# Wanted: free pattern for women's tunic x small



## Christina R. (Apr 22, 2004)

Does someone have a link for an easy to make, longer in length fitted tunic? Similar to one shown in the picture







. The picture isn't the best, so a simple tunic pattern would be great.


----------



## Maura (Jun 6, 2004)

Look for "night shirt" pattern.


----------



## newcolorado (Jan 31, 2012)

I do not know pattern but thrift some have patterns cheap and maybe find one. Some patterns have several sizes in them. i have gotten patterns there I needed.


----------



## AngieM2 (May 10, 2002)

This looks as if it may have something that interests you.

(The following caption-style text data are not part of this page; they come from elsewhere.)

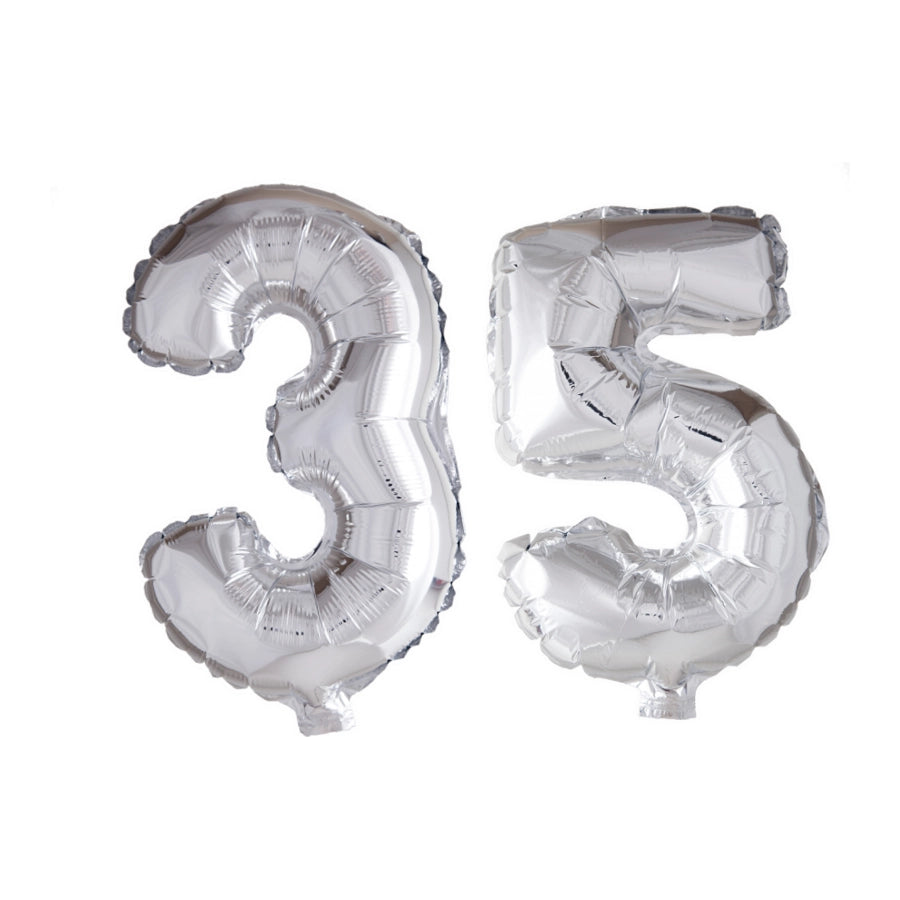 Folieballon 35 jaar Zilver 66cm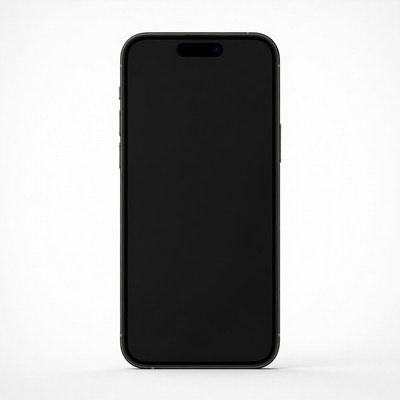 Black smartphone on a plain background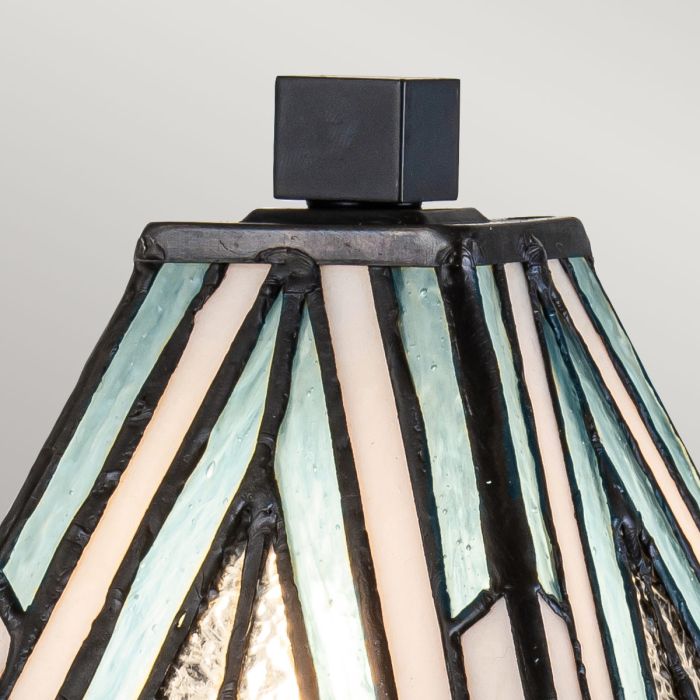 Alderley 32cm Multicolor De Elstead Lighting - Los componentes metálicos tienen un acabado de bronce vintage profundo y un diseño Art Deco clásico, lo que les da un aspecto atemporal y elegante.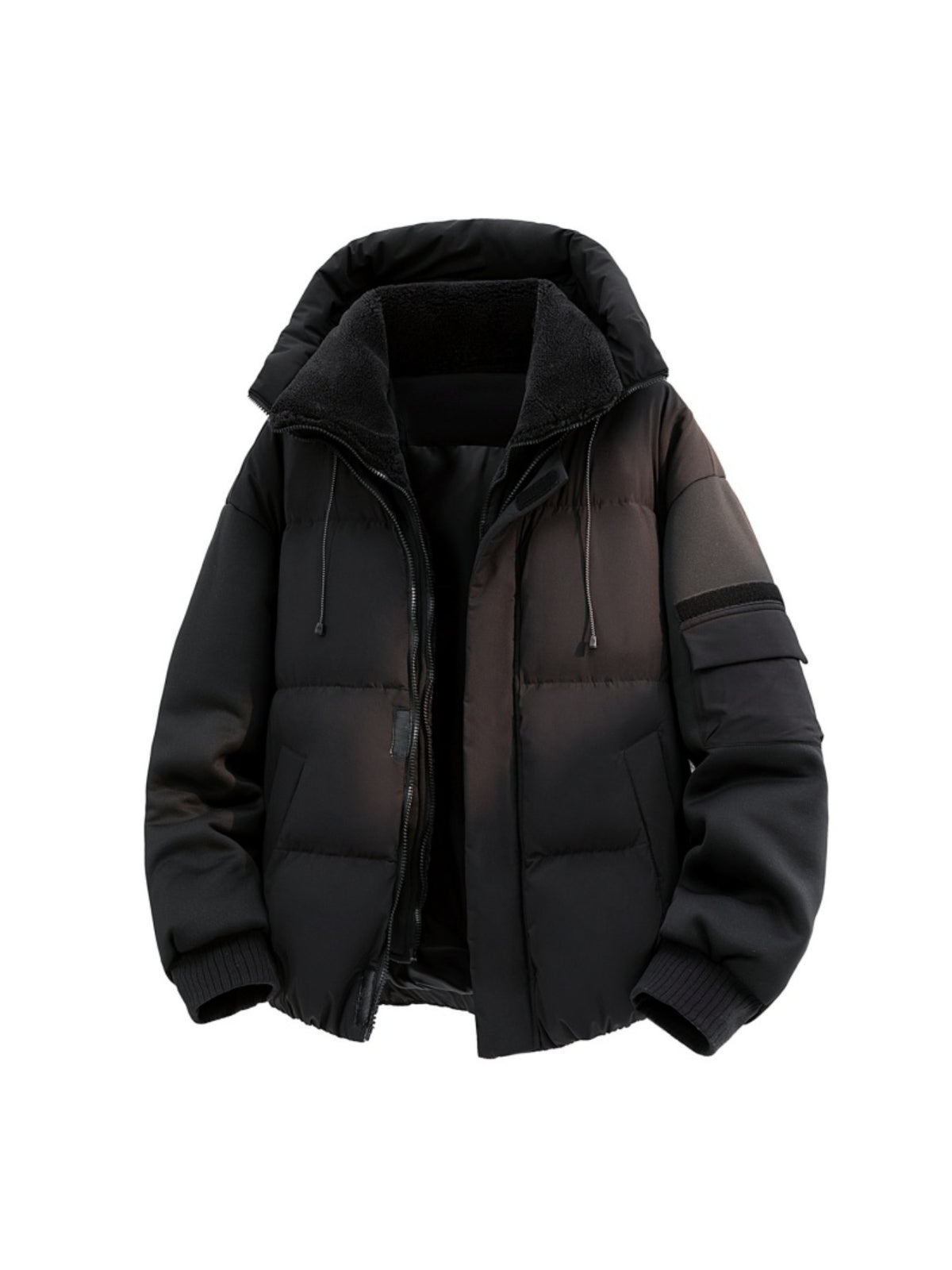 Veste matelassée pour homme, grandes tailles, à capuche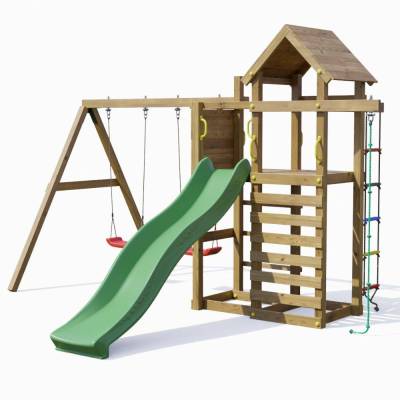 Fungoo Mixter Holzspielplatz mit Rutsche, Doppelschaukel und Klettergerüst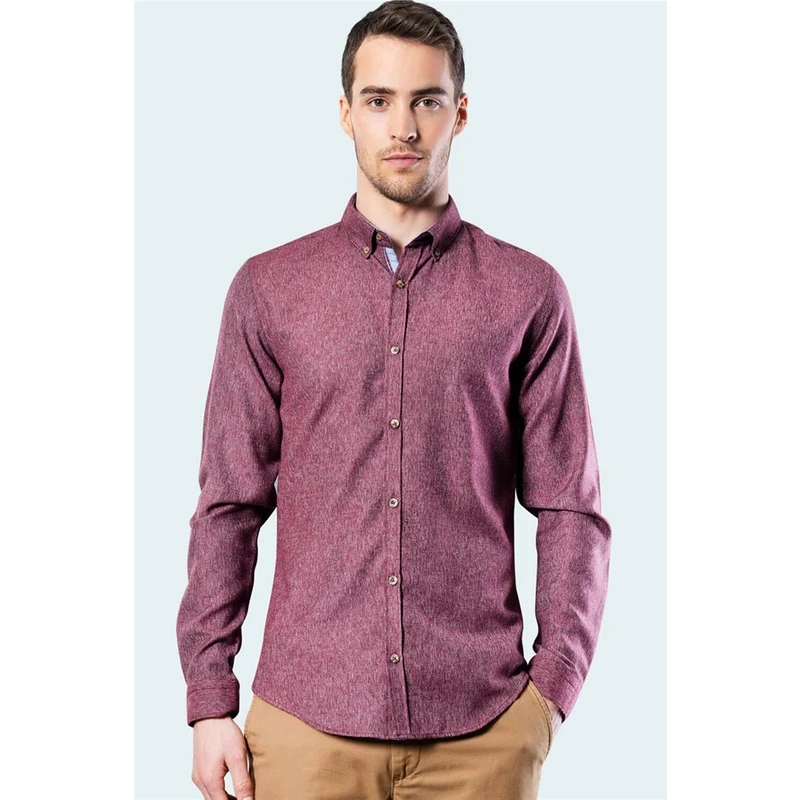 TUDORS Slim Fit Düz Oduncu Unisex Gömlek TUDORS Slim Fit Düz Oduncu Unisex Gömlek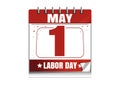 Labor Day. Wall calendar. 1 May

http://www.sewchicandunique.com/2015/08/6-tunic-tops-you-will-want-to-sew-using-free-patterns/


----------



## Belfrybat (Feb 21, 2003)

I followed Angie's link and found the perfect pattern for a night dress I've been wanting to make. Thanks, Angie.


----------



## AngieM2 (May 10, 2002)

Great to know it helped you.


----------



## Garnet (Sep 19, 2003)

Look for a scrub or kimono at the thrift shop. Sometimes they are found in the uniform section. Find one in your size that fits comfortably and use it to trace a pattern. The V necks may have an inset finish that can be replaced with a facing for easier sewing. They usually have an opening size that is easy to slip over your head.

Trace a front and back pattern with the finished neckline. Add 5/8" to the neckline for seam allowance. Add 5/8" to the shoulders and sides for seam allowances. You can shorten or lengthen your scrub tunic as desired.

My favorite scrub does not have set-in sleeves. It has kimono sleeves. So I just added 1 1/2" to my pattern pieces for the sleeve hem and the bottom hem. 

Make the neck facing by tracing the top of your front and back patterns and mark the stitching line (the finished garment line.) Add 2 1/2" out from the stitching line, and you have your facing pattern pieces.

Sew your scrub front and back together. Sew the facing front and back together. 

To finish your neck facing, turn under 1/2" hem and top stitch it. 

Match the scrub and facing and sew them together. 

If you are a beginner, look for instructions for grading and clipping the curved neckline seam and top stitching it, and for finishing side seams and hems, usually part of any commercial pattern and maybe available in tutorials.

I have made a pattern this way. I have made tops that I know will be comfortable and look attractive.

I hope you will let us know if you decide to do this and how it works for you.


----------